- Church: Catholic Church
- Diocese: Diocese of Covington
- Appointed: November 11, 1944
- Term ended: June 1, 1959
- Predecessor: Francis William Howard
- Successor: Richard Henry Ackerman

Orders
- Ordination: June 7, 1916 by James O’Reilly
- Consecration: January 10, 1945 by Aloisius Joseph Muench

Personal details
- Born: November 9, 1892 Ardoch, North Dakota, US
- Died: June 1, 1959 (aged 66) Covington, Kentucky, US
- Buried: St. Mary Cemetery in Fort Mitchell, Kentucky
- Education: St. Boniface College, St. Paul Seminary, St. Thomas College
- Motto: Docete filios vestros (Teach your children to love)

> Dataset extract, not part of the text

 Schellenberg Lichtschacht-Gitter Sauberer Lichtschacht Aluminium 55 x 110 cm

= William Theodore Mulloy =

Roman Catholic prelate

William Theodore Mulloy (November 9, 1892 – June 1, 1959) was an American prelate of the Roman Catholic Church. He served as bishop of Covington in Kentucky from 1945 until his death in 1959.

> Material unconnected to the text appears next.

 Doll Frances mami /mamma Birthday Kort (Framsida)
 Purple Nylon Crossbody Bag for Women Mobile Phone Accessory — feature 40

Pre-1953 coat of arms of Bishop Mulloy

==Biography==

=== Early life ===
The oldest of five children, William Mulloy was born on November 9, 1892, in Ardoch, North Dakota, to William James and Margaret Ann (née Doyle) Mulloy. He attended St. Boniface College in Winnipeg, Manitoba, then entered St. Paul Seminary and St. Thomas College in St. Paul, Minnesota.

=== Priesthood ===
Mulloy was ordained to the priesthood for the Diocese of Fargo in Grafton, North Dakota, by Bishop James O'Reilly on June 7, 1916. After his ordination, the diocese assigned Mulloy as a curate at St. Michael Parish in Grand Forks, North Dakota. He was transferred in 1920 to serve as pastor of St. Boniface Parish in Wimbledon, North Dakota.

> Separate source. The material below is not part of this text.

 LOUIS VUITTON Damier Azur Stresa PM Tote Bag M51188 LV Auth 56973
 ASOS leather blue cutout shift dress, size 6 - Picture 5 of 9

In 1921, the diocese assigned Mulloy to Sacred Heart Parish in Cando, North Dakota. Four years later, he became pastor of St. Alphonsus Parish in Langdon, North Dakota, and dean of the Langdon Deanery. Mulloy returned to Grafton in 1933 to serve as pastor of his home parish of St. John the Evangelist and dean of the Grafton Deanery.

Mulloy was named president of the National Catholic Rural Life Conference in 1935 and rector of St. Mary's Cathedral in 1938. He also served as superintendent of schools in the diocese and editor of the diocesan newspaper.The Vatican elevated Mulloy to the rank of domestic prelate in 1941.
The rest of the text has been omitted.